This week on Night Lights it's "Peter Gunn." Peter Gunn was a hit TV crime show with jazz at its center that ran from 1958 to 1961, with Craig Stevens (described as "a poor man's Cary Grant") as the stylish, jazz-loving private detective title character, and frequently directed by Blake Edwards, who would go on to make The Pink Panther several years later. Gunn paid frequent visits to a jazz bar called Mother's and dated a jazz singer (played by Lola Albright); West Coast jazz musicians such as Shelly Manne and Shorty Rogers sometimes appeared on the show.

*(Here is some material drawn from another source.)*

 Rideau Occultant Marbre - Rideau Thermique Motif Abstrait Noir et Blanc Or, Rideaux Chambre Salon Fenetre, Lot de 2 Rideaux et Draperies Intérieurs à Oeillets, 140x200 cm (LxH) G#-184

For composer Henry Mancini, who wrote the ubiquitous theme and the rest of the show's background music, Peter Gunn was a career breakthrough; Mancini had just been laid off from Universal Studios when a chance visit to the studio lot to get a haircut led to the job. Mancini went on to record two best-sellng albums of music from Peter Gunn and to win two Grammys as well.
We'll hear music from both Mancini albums, in addition to Peter Gunn interpretations from Shelly Manne and Joe Wilder and dialogue from the show itself. The program airs Saturday, October 22 on WFIU at 11:05 p.m. (9:05 California time, 12:05 a.m. NYC time); you can listen live, or wait until Monday afternoon, when the program will be posted in the Night Lights archives.
Next week on Night Lights: "Moodsville 1"
Next week on The Big Bands: "Kay Kyser's Haunted House Halloween Bash."
P.S. Legendary bassist Henry Grimes, who recorded in the 1960s with Sonny Rollins, Albert Ayler, Cecil Taylor, and many others, and who then vanished for 35 years (he was thought by many to be dead) will be a special guest this Thursday on WFIU's Just You and Me, airing from 3:30 to 5 p.m.. Grimes will be performing Friday, Oct. 28 at the Madame Walker Theater in Indianapolis. I will also be interviewing Grimes for a future Night Lights program; I'd long wanted to do a show about him, and never imagined I'd have the chance to talk to him in person. His comeback is one of the most remarkable stories in jazz history.